Bei der Verwendung eines FT-IR-Mikrospektrometers im Reflexionsmodus ist die Auswahl eines geeigneten Probenbereichs (Apertur) und eine gute Fokussierung der Strahlung auf die Probenoberfläche von entscheidender Bedeutung, was häufig eine Herausforderung darstellt. Einige Proben können sehr dick, zerkleinert, zerbrechlich sein oder Zusatzstoffe enthalten. In dieser Arbeit wurden mehrere alte, teilweise verschlechterte, dicke oder dünne, kleine Kleidungsstücke und ganze Kleidungsstücke mit unebener Oberfläche analysiert, um die Genauigkeit der Identifizierung trotz des Probenzustands zu testen.
r-FT-IR hat den starken Vorteil eines berührungslosen Ansatzes, insbesondere bei zerbrechlichen und / oder wertvollen Proben.
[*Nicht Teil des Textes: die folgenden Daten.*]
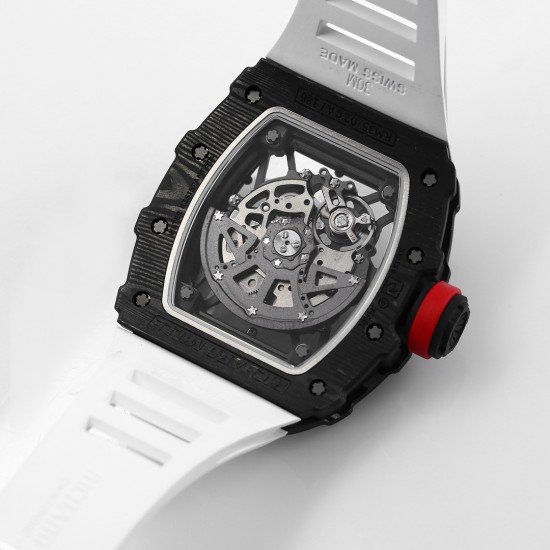 Richard Mille - RM35-02 RAFAEL NADAL 44.5mm NTPT Carbon Skeleton Dial on White Strap BBR RMAL1 Super Clone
Die Nachteile der r-FT-IR-Methode sind die Probleme mit unebenen Oberflächen und Fremdmaterial (Additive oder Verunreinigungen) auf der Probenoberfläche. Bei unebener Oberfläche wird weniger Strahlung in den Detektor reflektiert und somit die Spektrumsqualität verringert. Um dies zu kompensieren, wird empfohlen, eine höhere Anzahl von Scans, eine größere Messfläche (Apertur) und den bestmöglichen Detektor wie stickstoffgekühltes MCT zu verwenden. Bei Fremdmaterialien auf der Oberfläche ist das Scannen der Oberfläche nach saubereren Stellen die einzige Option, um das Risiko einer Fehlidentifikation zu verringern. Sehr kleine Fadenstücke mit einer Breite von weniger als 10 Einzelfasern waren mit r-FT-IR schwer zu identifizieren. Je nach Fasertyp waren die Spektren teilweise verzerrt und uncharakteristisch, z.B. bei dünnem Elasthan (siehe oben) und Seidenfaden (siehe unten). In diesem Fall muss der ATR-Ansatz verwendet werden.